When to configure a fallback:

FallbackBest forFree limitsRequirement
gemini:gemma-4-31b-itQuality upgrade, higher throughput1,500 RPD, unlimited TPDGOOGLE_API_KEY secret
anthropic:claude-sonnet-4-6Best reasoningPaid onlyANTHROPIC_API_KEY secret
ollama:qwen2.5:0.5bOffline, data-privacy-sensitiveUnlimited (local)Ollama on runner; ~60s startup

With GitHub as the primary provider, the fallback rarely fires — GITHUB_TOKEN is always available in Actions. Configure a fallback only if you want to upgrade quality or handle offline scenarios.

qwen2.5:0.5b — the best sub-1B model

qwen2.5:0.5b (394 MB) is Alibaba's Qwen 2.5 0.5B model. At sub-1B parameters it outperforms much larger models on instruction-following benchmarks and runs comfortably on CPU. It covers all of Scraut's simple tasks — standup summaries, triage, coaching nudges — without a GPU.

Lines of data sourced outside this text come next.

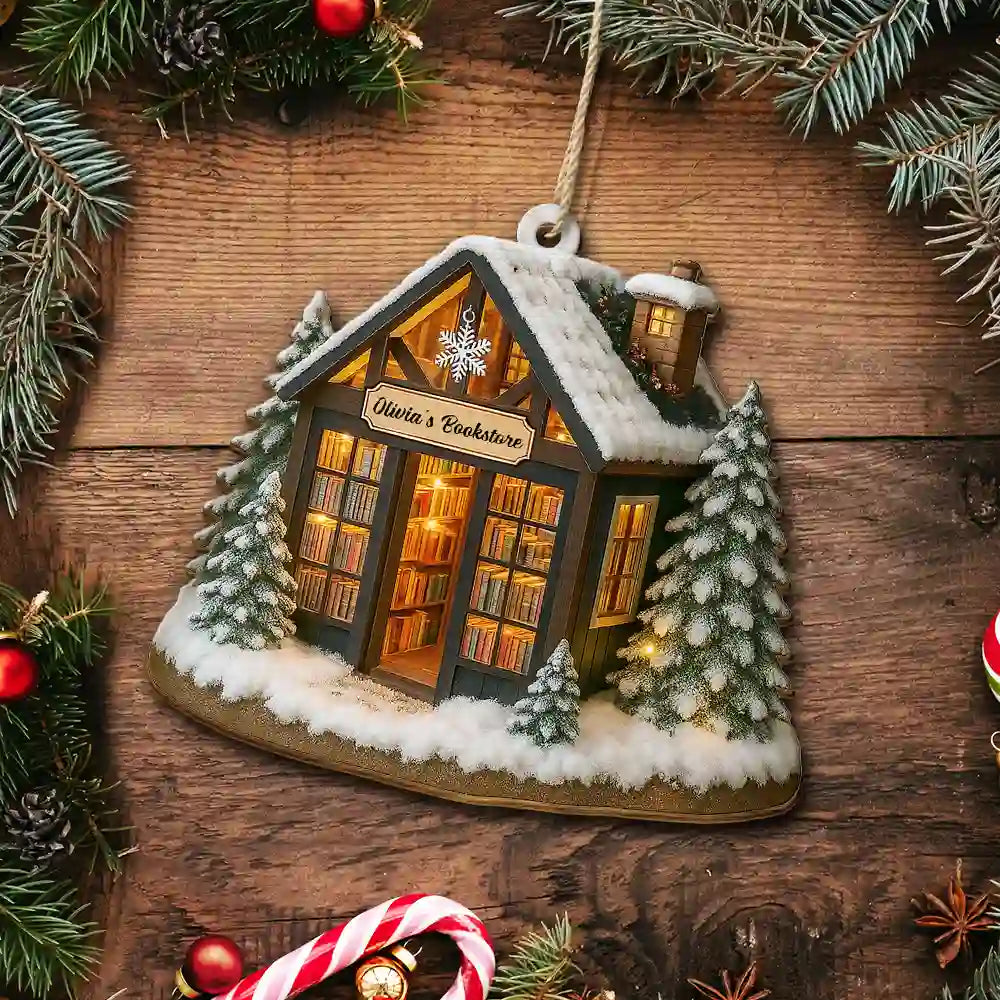 Christmas,Reading,Gift For Yourself,Happy - My Bookstore Book Corner - Personalized Custom Shaped Wooden Ornament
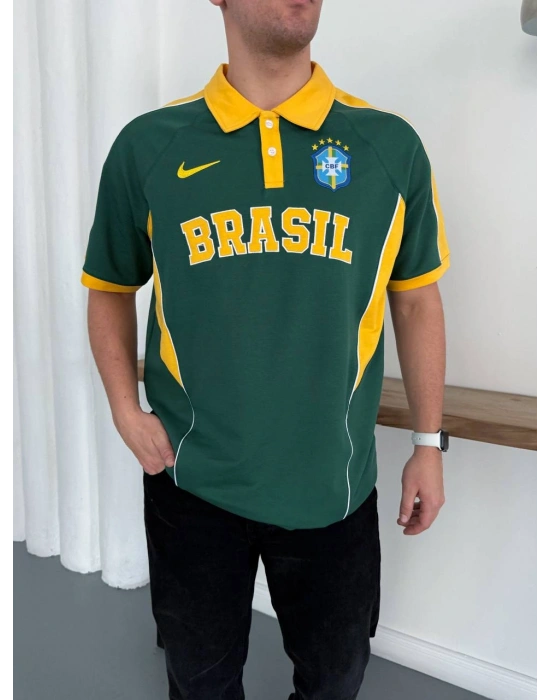 BRZ Polo Yaka Unisex Tshirt Yeşil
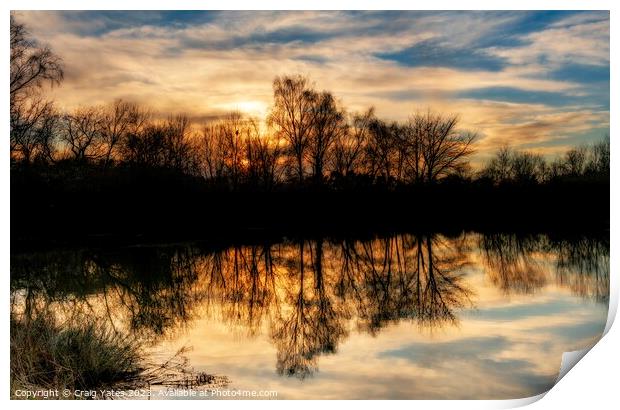 Winter Sunset Reflection. Print by Craig Yates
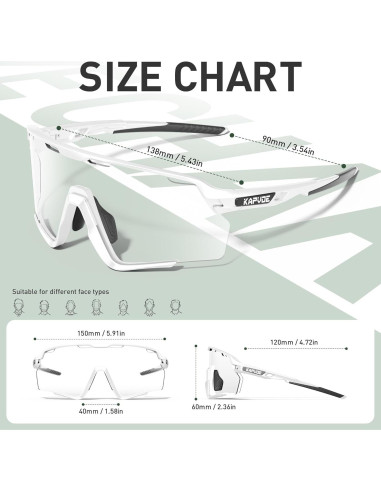 Gafas de Ciclismo KAPVOE Fotoquímicas UV400 para MTB
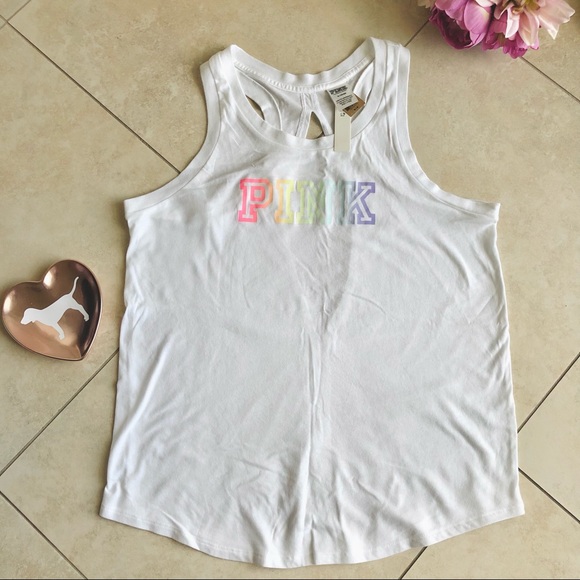 NWT VS PINK Campus Rainbow Gradient Tee(S) + Tank(M) + Leggings(M) SET - Picture 10 of 16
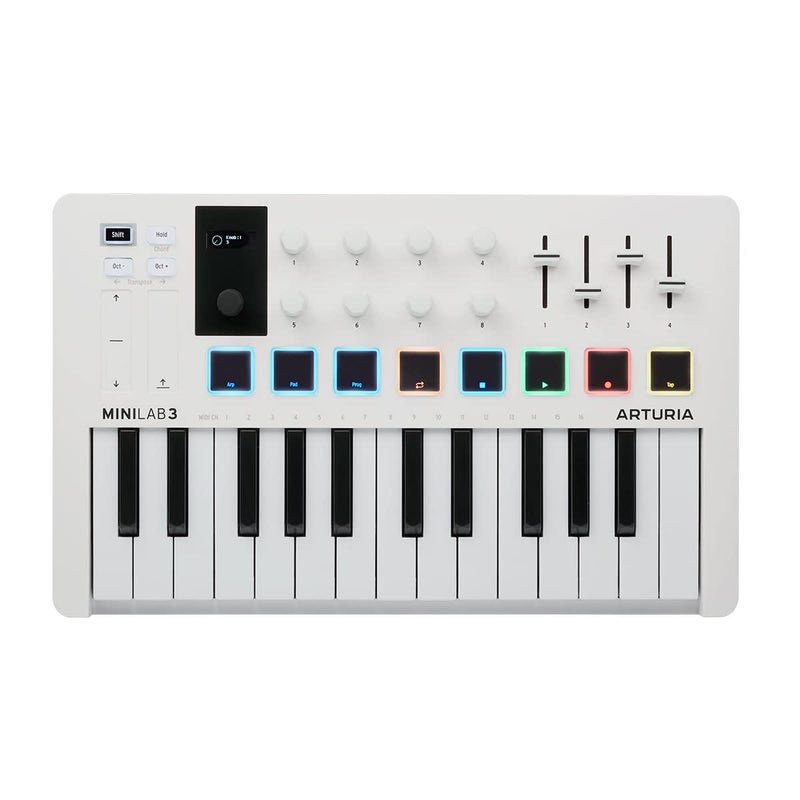 أرتوريا ميني لاب 3 لوحة مفاتيح MIDI USB بـ 25 مفتاح مع 8 وسادات درام متعددة الألوان و8 مقبضات وبرامج إنتاج موسيقي متضمنة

The fallback only applies to LLM calls. GitHub API calls (labels, comments, Projects) are not affected.


Choosing a provider

GitHub ModelsGeminiAnthropicOpenAIOllama
SetupZero — auto tokenAdd GOOGLE_API_KEYAdd ANTHROPIC_API_KEYAdd OPENAI_API_KEYInstall Ollama
Reasoning qualityGoodGoodBestVery goodVaries by model
Free tier RPD1501,500NoneLimitedUnlimited (local)
Free tier TPD~80kUnlimitedNoneLimitedUnlimited (local)
Cost (paid)FreeFree / pay-as-you-go~$1–2/sprint~$1–2/sprintFree
Data privacyCloud (GitHub/Azure)Cloud (Google)Cloud (Anthropic)Cloud (OpenAI)Local
Actions: no extra stepsNeeds setup-ollama

How to choose:

  • Starting out / zero frictiongithub: gpt-4o-mini (default, nothing to configure)
  • Free + more headroomgemini: gemma-4-31b-it (1,500 RPD, unlimited tokens, one API key)
  • Best output qualityanthropic: claude-sonnet-4-6 (strongest reasoning, ~$1–2/sprint)
  • Data stays on-premollama: qwen2.5:0.5b (fully local, self-hosted runner)

Token cost estimation

A typical sprint with 5 team members uses roughly:

CeremonyApprox tokens/sprint
Daily standups (10 days × 1 summary)~15,000
Sprint planning~8,000
Sprint review~5,000
Retrospective synthesis~4,000
Backlog grooming (2×/sprint)~10,000
Issue triage (10 new issues)~5,000
Total~47,000 tokens/sprint

At claude-sonnet-4-6 pricing (~$3/MTok input, ~$15/MTok output), a typical sprint costs $0.50–$2.00.

The cost_controls.max_daily_tokens setting (default: 100,000) acts as a hard fail-safe.